When it comes to gasoline price increases, how much do prices have to rise before a price increase is “unconscionably excessive”? What difference between prices before and after a declaration of emergency is large enough to create a “gross disparity”? Twenty percent? Ten percent? Five?
In Connecticut these days it looks like a mere 2.25 percent price increase after a big storm is a sufficient danger to the consuming public to invite the wrath of Conn.’s Department of Consumer Protection. As reported in a DCP press release:
A Norwalk Shell gasoline station has signed an agreement with the Department of Consumer Protection and has paid $1,449 to the agency to settle allegations that the station raised its retail gas price by 10 cents per gallon on November 1, 2012, without there being a corresponding increase in wholesale gas prices for that day. The conduct occurred in the immediate aftermath of Storm Sandy. State law prohibits fuel suppliers from charging unconscionably excessive prices during times of abnormal market disruptions, such as storm-related disasters.
“Given that the state was in a period of abnormal market disruption due to the severe impact of Storm Sandy, we determined that the Shell station’s 10-cent per gallon increase was not justified and constituted an unconscionably excessive price for gasoline,” Consumer Protection Commissioner William M. Rubenstein said today. “The retailer sold 4,830 gallons of gasoline that day at the increased price, but we are requiring him to disgorge three times the amount of that unfair profit.”
The Shell station is known as Connecticut Avenue Shell and is located at 307 Connecticut Avenue, Norwalk.
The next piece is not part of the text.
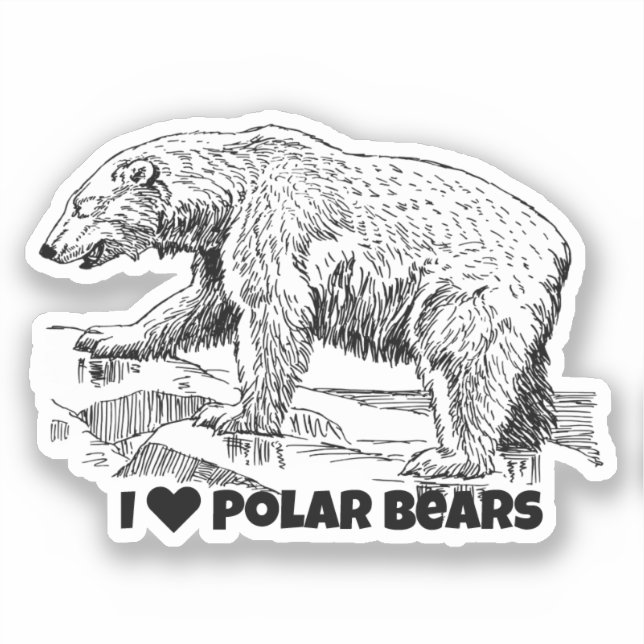 Sticker J'Aime Les Ours Polaires (Recto)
While the station does not admit to any wrongdoing, it entered into the agreement, which requires it to pay $1,449 to the Department of Consumer Protection for its complaint resolution, education and enforcement programs.
A newspaper account fills in some details: a few days after November 1 the newspaper observed that Connecticut Avenue Shell was charging $4.55 at a time when many stations in the area were charging between $3.95 and $4.05. (A check of connecticutgasprices.com supports the view that the station regularly charges higher prices than other stations in the area.)
Assuming the price was $4.45 for the days leading up to November 1, the 10-cent change constituted a 2.25 percent increase in the price charged for regular unleaded gasoline at the station.
No doubt the retailer concluded that $1,449 was less than its lawyers would have charged to fight the allegation, and so it took the commercially expedient route of settling with the state. Still, the settlement puts a pretty tight cap on future retailers who may wish to raise prices during times the state has asserted a market disruption.